Although we havn't used it for long - If you're going to build for future scailablity i'd recommend sphinx.
you can speed up if the searchword must have minimum 3 chars to start the search and index your search column with a index size of 3 chars.
It's actually already built-in to MySQL: http://dev.mysql.com/doc/refman/5.0/en/fulltext-search.html
we're using solr for this purpose, since you can search in 1-2 ms even with milions of documents indexed. we're mirroring our mysql instance with Data Import Handler and then we search on Solr.
as neville pointed out, full text searches are built-in in mysql, but solr performances are way better, since it's born as a full text search engine

MySql Full text or Sphinx or Lucene or anything else?
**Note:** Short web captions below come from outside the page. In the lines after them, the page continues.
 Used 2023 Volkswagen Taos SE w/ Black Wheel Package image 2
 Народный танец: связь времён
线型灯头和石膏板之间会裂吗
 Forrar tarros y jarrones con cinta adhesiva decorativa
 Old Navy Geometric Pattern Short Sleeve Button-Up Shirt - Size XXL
I am currently using MySql and have a few tables which i need to perform boolean search on. Given the fact my tables are Innodb type, I found out one of the better ways to do this is to use Sphinx or Lucene. I have a doubt in using these, my queries are of the following format,
Select count(*) as cnt, DATE_FORMAT(CONVERT_TZ(wrdTrk.createdOnGMTDate,'+00:00',:zone),'%Y-%m-%d') as dat from t_twitter_tracking wrdTrk where wrdTrk.word like (:word) and wrdTrk.createdOnGMTDate between :stDate and :endDate group by dat;
the queries have a date field which needs to be converted to the timezone of the logged in user and then the field used to do a group by.
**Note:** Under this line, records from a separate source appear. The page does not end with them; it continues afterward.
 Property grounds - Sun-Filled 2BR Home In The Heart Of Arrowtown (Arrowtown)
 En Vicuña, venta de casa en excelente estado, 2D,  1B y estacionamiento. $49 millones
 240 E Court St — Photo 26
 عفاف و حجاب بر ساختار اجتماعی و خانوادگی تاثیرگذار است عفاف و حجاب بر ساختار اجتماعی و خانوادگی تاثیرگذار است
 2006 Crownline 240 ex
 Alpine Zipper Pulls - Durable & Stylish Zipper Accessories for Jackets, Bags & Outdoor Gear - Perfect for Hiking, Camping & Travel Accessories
Now if i migrate to Sphinx/lucene will I be able to get a result similar to the query above. Am a beginner in Sphinx, which of these two should i use or is there anything better.
Actually groupby and search ' wrdTrk.word like (:word)' is a major part of my query and I need to move to boolean search to enhance user experience. My database has approximately 23652826 rows and the db is Innodb based and MySql full text search doesnt work.
Regards
Roh
Yes. Sphinx can do this. I don't know what LIKE (:word) does, but you can do a query like #word "exactword" in sphinx search.
only you need to index the data properly and will got the result
Since you only need the counts, I believe it would be better for you to keep using MySQL.
If you have a performance problem, I suggest you use explain() and possibly better indexing to improve your queries.
Only if full-text search is a major part of your use-case you should move to using Sphinx/Solr.
Read Full Text Search Engine versus DBMS for a more comprehensive answer.
save your count in a meta table, keep it updated. or use myisam, which maintains its own count. mongodb also maintains its own count. cache the count in memcache. counting each time you need to know the count is a silly use of resources.